İtaatsizliğin Faturası Ne?

Maide ÖREN

BİLİNÇ ALTI

Tarih boyunca egemen güçler tarafından insanlığa itaat etmenin bir erdem, itaatsizliğin ise, istenilmeyen bir davranış olduğu öğretildi.

Oysa din kitaplarının da belirttiği gibi, insanlık tarihi Adem ve   Havva’nın “Yasak meyve” konusundaki itaatsizliği ile başlıyor.

Önce insana öğrenme, gelişme ve kişi olma, özgürce seçimlerde bulunma olanağı sağlanıyor (demokratik yönetimler)…

Bundan böyle insan hazır bulduğu bir cennetten çıkıp, kendi deneyimleriyle akıl ve gönül gücünü kullanarak bütünüyle insan olmayı öğrenme ki, özündeki tanrısal potansiyeli gerçekleştirmek zorundaydı.

Güce kayıtsız şartsız baş eğme yerine, haklı bir nedenle baş kaldıran insan, o sayede kendinin ve haklarının bilincine varmıştır. Gücün karşısında diz çöküp, aman dileyen bir köle olmaktansa, ayakta vuruşarak onurlu bir insan gibi ölmeyi yeğ tutmuştur.

Ve insanlık tarihi bir anlamda haksızlıklara karşı bir hak arama ve hakkını alma mücadelesi olmuştur.

Ne var ki egemen güçler, değişik politikayla, ince metotlarla, insanların beyinlerini yıkayarak onları işe ve eğlenceye boğarak, düşünce eyleminden alıkoyma yoluyla iktidarlarını bu güne kadar sürdürmüşledir.

O nedenle egemen güçlerin veya son günlerin çok moda deyimiyle Güç   Odaklarının en korktuğu şey özgür düşüncedir.

Bunlar en çok düşünen insana düşmandırlar.”Özgür düşünceden çekinmelerine neden olan şey korkudur” demişti Erich Fromm…
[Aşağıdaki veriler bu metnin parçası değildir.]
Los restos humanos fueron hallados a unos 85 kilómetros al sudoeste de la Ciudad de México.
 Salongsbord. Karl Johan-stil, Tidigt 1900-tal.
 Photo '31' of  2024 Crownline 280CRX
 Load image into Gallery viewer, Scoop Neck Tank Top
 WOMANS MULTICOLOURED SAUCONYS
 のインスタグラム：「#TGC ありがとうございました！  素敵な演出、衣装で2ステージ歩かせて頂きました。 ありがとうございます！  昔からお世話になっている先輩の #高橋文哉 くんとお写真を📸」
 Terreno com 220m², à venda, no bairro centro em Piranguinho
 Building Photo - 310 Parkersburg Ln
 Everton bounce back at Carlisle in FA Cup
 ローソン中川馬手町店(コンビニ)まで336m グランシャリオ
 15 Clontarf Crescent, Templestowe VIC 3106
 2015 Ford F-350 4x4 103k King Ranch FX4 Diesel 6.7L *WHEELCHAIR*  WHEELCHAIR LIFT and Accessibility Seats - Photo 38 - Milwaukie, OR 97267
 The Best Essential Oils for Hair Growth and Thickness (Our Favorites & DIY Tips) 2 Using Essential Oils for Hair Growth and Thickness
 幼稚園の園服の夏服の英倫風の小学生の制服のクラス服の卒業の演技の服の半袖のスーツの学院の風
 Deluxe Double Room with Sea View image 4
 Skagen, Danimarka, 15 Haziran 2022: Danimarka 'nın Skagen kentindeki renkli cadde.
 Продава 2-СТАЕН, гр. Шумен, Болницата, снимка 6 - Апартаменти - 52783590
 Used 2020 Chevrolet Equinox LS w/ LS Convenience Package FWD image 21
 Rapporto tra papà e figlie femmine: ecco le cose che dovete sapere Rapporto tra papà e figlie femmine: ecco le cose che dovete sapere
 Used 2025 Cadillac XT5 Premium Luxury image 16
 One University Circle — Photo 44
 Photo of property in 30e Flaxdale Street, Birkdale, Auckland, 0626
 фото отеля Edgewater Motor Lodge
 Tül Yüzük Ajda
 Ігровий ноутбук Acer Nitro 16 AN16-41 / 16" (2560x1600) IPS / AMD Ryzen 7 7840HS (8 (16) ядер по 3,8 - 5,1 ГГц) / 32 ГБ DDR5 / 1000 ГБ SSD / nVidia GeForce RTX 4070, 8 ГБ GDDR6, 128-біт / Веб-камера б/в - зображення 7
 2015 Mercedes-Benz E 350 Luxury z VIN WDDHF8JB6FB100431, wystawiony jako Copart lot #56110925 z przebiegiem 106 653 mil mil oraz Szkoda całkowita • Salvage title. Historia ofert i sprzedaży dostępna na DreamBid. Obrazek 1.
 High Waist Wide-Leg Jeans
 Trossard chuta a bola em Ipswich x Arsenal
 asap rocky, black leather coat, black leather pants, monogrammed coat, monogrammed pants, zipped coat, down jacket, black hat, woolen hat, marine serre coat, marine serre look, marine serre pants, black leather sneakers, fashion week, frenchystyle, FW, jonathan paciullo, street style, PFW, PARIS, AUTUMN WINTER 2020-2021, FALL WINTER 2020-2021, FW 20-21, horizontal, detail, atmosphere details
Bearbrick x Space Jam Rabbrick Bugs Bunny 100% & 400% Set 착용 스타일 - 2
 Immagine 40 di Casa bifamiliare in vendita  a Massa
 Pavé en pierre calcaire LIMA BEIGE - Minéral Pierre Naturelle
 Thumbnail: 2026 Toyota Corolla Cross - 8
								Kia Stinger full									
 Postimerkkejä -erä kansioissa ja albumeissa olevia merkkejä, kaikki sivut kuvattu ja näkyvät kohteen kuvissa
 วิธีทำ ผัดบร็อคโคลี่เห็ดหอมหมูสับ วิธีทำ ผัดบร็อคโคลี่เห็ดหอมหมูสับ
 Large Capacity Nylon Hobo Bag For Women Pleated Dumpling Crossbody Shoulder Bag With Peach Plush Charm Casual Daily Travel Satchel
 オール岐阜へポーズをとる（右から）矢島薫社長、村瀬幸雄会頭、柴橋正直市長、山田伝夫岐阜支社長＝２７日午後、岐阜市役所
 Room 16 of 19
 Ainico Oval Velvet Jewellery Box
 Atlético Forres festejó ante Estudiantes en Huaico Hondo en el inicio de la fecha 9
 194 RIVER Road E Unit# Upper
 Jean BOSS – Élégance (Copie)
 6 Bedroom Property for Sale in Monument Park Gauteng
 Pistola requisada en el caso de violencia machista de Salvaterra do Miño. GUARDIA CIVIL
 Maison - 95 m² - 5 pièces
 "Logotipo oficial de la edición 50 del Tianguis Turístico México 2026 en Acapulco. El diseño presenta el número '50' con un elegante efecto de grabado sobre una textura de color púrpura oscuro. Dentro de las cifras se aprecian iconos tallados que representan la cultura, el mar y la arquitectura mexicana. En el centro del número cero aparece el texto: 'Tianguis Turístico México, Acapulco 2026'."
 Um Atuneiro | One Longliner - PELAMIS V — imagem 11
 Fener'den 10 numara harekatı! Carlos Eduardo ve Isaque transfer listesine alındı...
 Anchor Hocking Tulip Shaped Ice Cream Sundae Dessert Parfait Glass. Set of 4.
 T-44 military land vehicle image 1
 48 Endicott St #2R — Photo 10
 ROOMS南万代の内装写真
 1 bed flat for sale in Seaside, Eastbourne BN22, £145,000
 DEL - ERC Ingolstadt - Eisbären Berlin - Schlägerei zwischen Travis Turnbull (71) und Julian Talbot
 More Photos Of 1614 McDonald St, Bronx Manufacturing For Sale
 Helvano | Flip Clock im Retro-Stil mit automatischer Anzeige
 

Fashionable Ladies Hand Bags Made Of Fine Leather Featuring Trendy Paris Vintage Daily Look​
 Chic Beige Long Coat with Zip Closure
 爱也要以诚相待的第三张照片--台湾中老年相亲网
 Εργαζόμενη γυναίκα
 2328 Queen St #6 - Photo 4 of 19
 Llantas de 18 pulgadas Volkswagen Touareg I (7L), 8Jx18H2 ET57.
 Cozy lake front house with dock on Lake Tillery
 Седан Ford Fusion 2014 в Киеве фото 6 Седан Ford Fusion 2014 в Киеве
Özellikle değer verdikleri inançların yanılsamadan başka bir şey olmadığının kanıtlanma korkusu…

Ve nihayet kendilerinin sandıklarından daha az saygıdeğer insan çıkma korkusu…

Düşünün bir kere, insanlar mülkiyet konusunda özgürce ve hakça düşünürse şu zenginlerin hali nice olur?!

Genç kadınlar ve erkekler cinsellik üzeri-ne serbestçe eğilirse, o zaman yürürlükteki ahlakın ikiyüzlülüğü ortaya çıkmaz mı?

Ya askerler ve siviller savaş hakkında rahatça düşünüp konuşsalar askeri disiplin sağlanabilir miydi?

Onun için özgür düşünceye hayır! Çünkü insanlar özgür düşündüklerinde- olabilir ki ve büyük olasılıkla- onlar gibi düşünmeyebilirler.

İyisi mi onlara hazır elbise gibi, düşünceleri de biz üretip verelim diye düşünmüş o Güç Odakları…

Bu da özgürlükten ve sorumluluktan korkan, kolaya kaçan ve beleşi seven çoğu kişinin işine geliyor. Günümüz insanının bir türlü akıl tutulmasına uğradığını İspanyol düşünürü Ortega şöyle açıklamış”

“Zihin, genel de kişinin bir köşesine atılmış, kullanılmadığından ötürü küflenmiş durur. Çoğu insan dışarıdan hazır alıp, üstünde hiç kafa yormadığı, kendi akıl makinesinin üretmediği formülle yaşar.”

Oysa insanı en onurlu varlık konumuna yükselten şey; kendi aklı ve onun çalışmasıdır. İnsan kendi düşüncesiyle daha sağlıklı ve doğru yaşama egemen olabilir. Sonradan çektiği sıkıntıyı başkalarına yüklemektense kendi sağlıklı düşüncesini harekete geçirmesi gerekir.

Burada Ortega’nın kendini düşünmeme yoluyla, kendini düşürdüğü durumu da şöyle tanımlıyor:

“Düşünce insanoğlunun kendi kendisinin efendisi olması için tek yoldur.   Günümüz insanı giderek o efendiliği yitirmekte ve bizde sanki insanlık düzeyinin altında düşünüyormuş gibi bir izlenim bırakmakta.”

İtaatsizliğe giden yol; itiraz, isyan ve inkârdır. Ama şu çok açıktır ki, ne her itaatsizlik bir erdemdir, ne de her itaat bir boyun eğmedir.

Bizi bir otoriteye uymaya veya uymamaya yönelten gerekçeler eğer akla ve mantığa uyuyorsa ve insanlığın yüce değerleriyle ölçüşüyorsa ancak o zaman erdemli bir davranıştan söz edilir.

Bu gün devletin yönetimdekilerle ilgili bir itaat ve itaatsizlik konusu çok oluyorsa bu çok düşündürücü…

Son söz şu olabilir. Kişinin kendi aklıyla kabul edip, gönlüyle kucakladıklarını düşünerek yapmalı. Sonradan ne itaatsizlik diye suçlamamalı, suçlanmamalı, ne de itaat beklememeli.

Şu seçim arifesinde kendi kendisinin efendisi olan bu milletin bunu idrak etmesi gerekir artık.